Le concours de pétanque verra le jour, j’espère. Il devrait aligner des équipes thaïes et des « Farangs ».

LPJ : D’autres idées dans le panier ?
A.C. : Je voudrais instaurer un ciné-club à l’Alliance, une fois par mois, avec discussions, débats à la fin des projections. Cela devrait se faire en fin d’après-midi pour faciliter les déplacements de ceux qui habitent un peu loin de la ville.
Le public devait être très majoritairement francophone, il aura ainsi l’occasion de faire vivre sa langue, sa francité.
Mais je n’oublie pas que notre mission essentielle est de nous adresser aux Thaïs, en développant notre offre de cours (français général ou français professionnel). 90% de ceux-ci se font en ligne pour l’instant. J’aimerais faire venir physiquement à l’Alliance un plus grand nombre d’apprenants. Notre mission consiste aussi à faire découvrir la culture française à travers des expositions et des conférences.
Il faut réveiller les expatriés qui sont installés en Thaïlande depuis un certain temps.
LPJ : N’est-ce pas un challenge très difficile à relever de faire vivre une Alliance française à Chiang Rai ?
A.C. : Oui, mais, selon le bon vieux dicton, « qui ne tente rien, n’a rien ». Donc, je me lance dans l’aventure d’entreprendre, et ceci dans plusieurs directions. Il faut chercher de nouveaux publics, réveiller les expatriés qui sont installés en Thaïlande depuis un certain temps en leur proposant des activités comme celles que j’ai déjà indiquées, mais aussi en touchant leur entourage immédiat.

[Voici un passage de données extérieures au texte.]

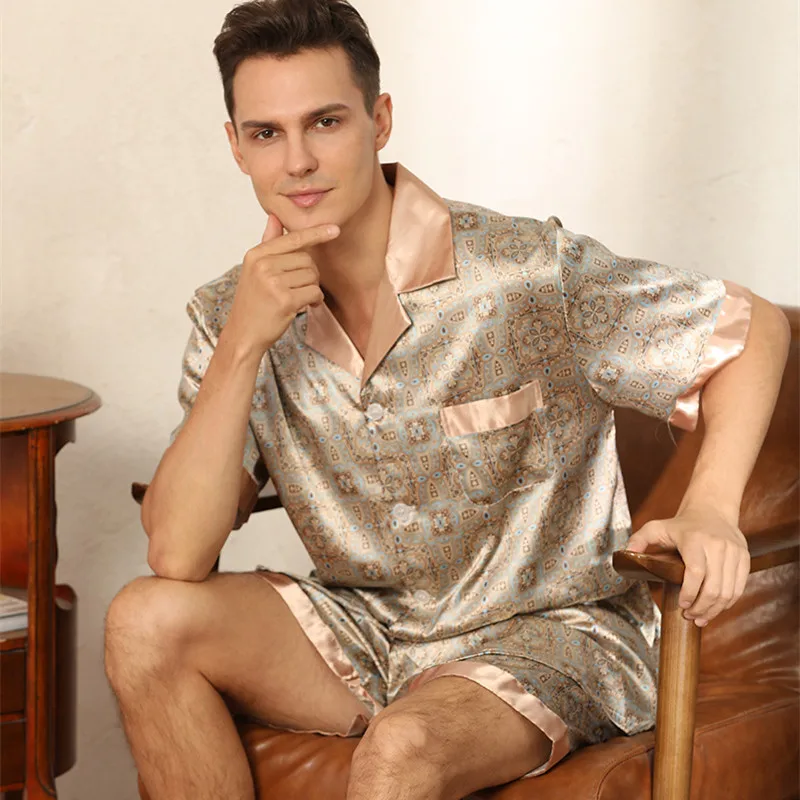 3xl Luxury Pajamas Mens Designer Pajamas Set Sleepwear Silk Pajamas for Men Nightgown Home Soft Cozy Short Sleeve Sleep Tops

Par exemple, peu de temps après mon arrivée, j’ai envoyé un questionnaire assez détaillé à 110 d’entre eux, qui avait pour but de bien les connaître, d’en savoir plus sur leur situation, leurs besoins, leurs aspirations, savoir par exemple quelle langue ils parlent au quotidien avec leur épouse ou compagne, s’ils ont des enfants, si ceux-ci parlent français, pour évaluer d’éventuels besoins linguistiques et proposer des cours de mise à niveau, car c’est leur héritage culturel qui est en jeu. Je n’ai malheureusement reçu que 16 réponses… Mais je ne perds pas espoir. Il faut persévérer, faire jaillir l’étincelle.
Je compte gagner en visibilité avec les actions à mon programme et, de là, qui sait, faire (re)naître un désir de France aussi bien chez les Thaïs que chez les Français.